Konferensi Perubahan Iklim COP29 yang berlangsung di Baku, Azerbaijan, tahun 2024 menjadi panggung penting dalam upaya global menangani krisis iklim. Laporan terbaru State of the Climate 2024 menegaskan bahwa tahun ini adalah salah satu tahun terpanas dalam sejarah, dengan rata-rata suhu global Januari hingga September mencapai 1,54C di atas era pra-industri. Fenomena El Nio memperburuk situasi dengan meningkatkan frekuensi bencana seperti banjir, kekeringan, dan kebakaran hutan.
Melihat tantangan tersebut, Marhaenisme---ideologi yang berpijak pada keadilan sosial dan keberpihakan kepada rakyat kecil---dapat memberikan perspektif kritis terhadap arah kebijakan perubahan iklim. Marhaenisme tidak hanya berbicara tentang keadilan sosial, tetapi juga mencakup pengelolaan sumber daya alam yang adil dan berkelanjutan. Nilai-nilai ini sangat relevan dalam membahas langkah-langkah yang diambil pada COP29.
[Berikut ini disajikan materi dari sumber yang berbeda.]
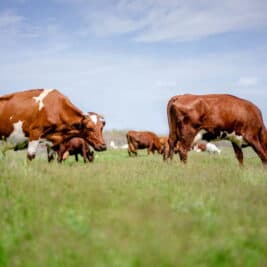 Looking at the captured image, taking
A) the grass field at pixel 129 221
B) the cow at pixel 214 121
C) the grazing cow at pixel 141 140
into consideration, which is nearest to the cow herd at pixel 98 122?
the cow at pixel 214 121

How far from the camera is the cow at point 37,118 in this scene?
13.9m

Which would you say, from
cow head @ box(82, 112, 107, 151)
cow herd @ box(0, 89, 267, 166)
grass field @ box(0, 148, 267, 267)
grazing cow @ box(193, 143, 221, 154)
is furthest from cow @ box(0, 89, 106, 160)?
grazing cow @ box(193, 143, 221, 154)

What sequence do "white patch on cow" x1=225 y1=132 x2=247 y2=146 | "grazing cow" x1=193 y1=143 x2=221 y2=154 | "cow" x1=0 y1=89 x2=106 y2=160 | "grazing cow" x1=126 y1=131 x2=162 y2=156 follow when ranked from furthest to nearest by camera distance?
"grazing cow" x1=193 y1=143 x2=221 y2=154 → "grazing cow" x1=126 y1=131 x2=162 y2=156 → "white patch on cow" x1=225 y1=132 x2=247 y2=146 → "cow" x1=0 y1=89 x2=106 y2=160

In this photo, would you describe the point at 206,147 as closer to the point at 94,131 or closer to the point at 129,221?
the point at 94,131

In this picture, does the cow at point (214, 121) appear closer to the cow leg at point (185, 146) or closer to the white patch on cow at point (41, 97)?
the cow leg at point (185, 146)

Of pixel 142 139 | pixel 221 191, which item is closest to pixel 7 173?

Perubahan Iklim Sebagai Isu Keadilan Sosial
Dampak perubahan iklim sangat tidak merata, di mana negara-negara berkembang menjadi korban utama meski kontribusi mereka terhadap emisi global relatif kecil. Data dari COP29 menunjukkan bahwa kerugian ekonomi akibat bencana terkait iklim mencapai miliaran dolar setiap tahun, dengan sebagian besar kerugian ini dialami oleh masyarakat miskin di negara-negara Global South. Selain itu, bencana iklim seperti banjir di Bangladesh dan kekeringan di Afrika sub-Sahara semakin memperburuk ketimpangan sosial yang ada.
Dalam semangat Marhaenisme, kebijakan perubahan iklim global tidak boleh hanya berpijak pada teknologi canggih dan kapital besar yang menguntungkan segelintir pihak. Sebaliknya, kebijakan tersebut harus menempatkan rakyat kecil sebagai subjek utama yang dilibatkan dalam solusi. Konsep keadilan iklim (climate justice) yang mengutamakan keseimbangan antara kebutuhan negara maju dan negara berkembang menjadi relevan untuk diterapkan.
Komitmen dan Tantangan Indonesia
Indonesia, sebagai salah satu negara kepulauan terbesar di dunia, menghadapi risiko serius akibat kenaikan permukaan laut, degradasi ekosistem, dan bencana hidrometeorologi. Komitmen Indonesia dalam Nationally Determined Contributions (NDC) untuk menurunkan emisi sebesar 31,89% tanpa bantuan internasional dan hingga 43,2% dengan dukungan internasional pada tahun 2030 adalah langkah positif. Namun, pelaksanaannya kerap terhambat oleh konflik kepentingan antara pembangunan ekonomi dan perlindungan lingkungan.
Dalam pendekatan Marhaenisme, kebijakan lingkungan Indonesia seharusnya tidak hanya fokus pada kepentingan makroekonomi tetapi juga memberdayakan rakyat kecil, seperti petani, nelayan, dan masyarakat adat. Program seperti rehabilitasi hutan mangrove, pemulihan lahan gambut, dan transisi ke energi terbarukan dapat lebih efektif jika melibatkan komunitas lokal secara aktif.
Data dari Global Forest Watch menunjukkan bahwa Indonesia berhasil mengurangi deforestasi pada tahun 2023, namun ancaman pembukaan lahan baru untuk industri ekstraktif masih tinggi. Hal ini menunjukkan perlunya pendekatan yang lebih tegas terhadap pelaku industri besar, dengan tetap memberikan dukungan kepada usaha kecil yang ramah lingkungan.